Jesus não impôs ideias aos discípulos, mas exigiu atitudes: para com Deus como Pai, para com os outros como irmãos – pressupondo a grande exigência de todos os profetas: a atitude de escutar. Quem o segue, segue-o livremente, com a originalidade e criatividade de quem abandonou a dependência própria da menoridade espiritual.

O relato da Ascensão é a forma imaginosa de dar relevo ao sentido da morte de Jesus: com ela, os discípulos «perderam Jesus» mas «acharam o Cristo». E em Jesus Cristo se revelou especialmente «a força de Deus» a acompanhar-nos pelos tempos fora.

A «elevação» de Cristo na Ascensão é o mesmo «levantar-se» da morte (sentido geral dos termos gregos usados para descrever a ideia de ressurreição). São duas imagens para ilustrar a riqueza de um único fenómeno central. E a descrição aparentemente tão materialista do «contacto» dos discípulos com Jesus pós-morte é a mais expressiva maneira, nesse tempo, de afirmar como Jesus não era nem um fantasma nem um corpo chamado de novo à vida – mas que existia realmente e podia ser sentido por quem dele se quisesse aproximar, como sendo o mesmo Jesus que viveu e morreu.

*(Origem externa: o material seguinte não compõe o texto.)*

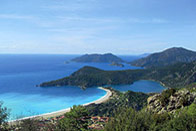 Canyon et mer mythique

Também cada um de nós é uma onda que ora sobe ora se retira nas praias da vida. Ao subir, tanto pode destruir castelos de areia como excitar a alegria de crianças que chapinham; e ao descer, tanto pode deixar destroços como revelar as riquezas do fundo do mar. Afastamo-nos dos outros e dos problemas; investimos pelos outros e para vencer problemas. Em todas as marés, a presença de Deus faz-se sentir no vai e vem de muitas ondas. E quando parece que o perdemos de vista, deparamos com uma imensidão de terra para trabalhar!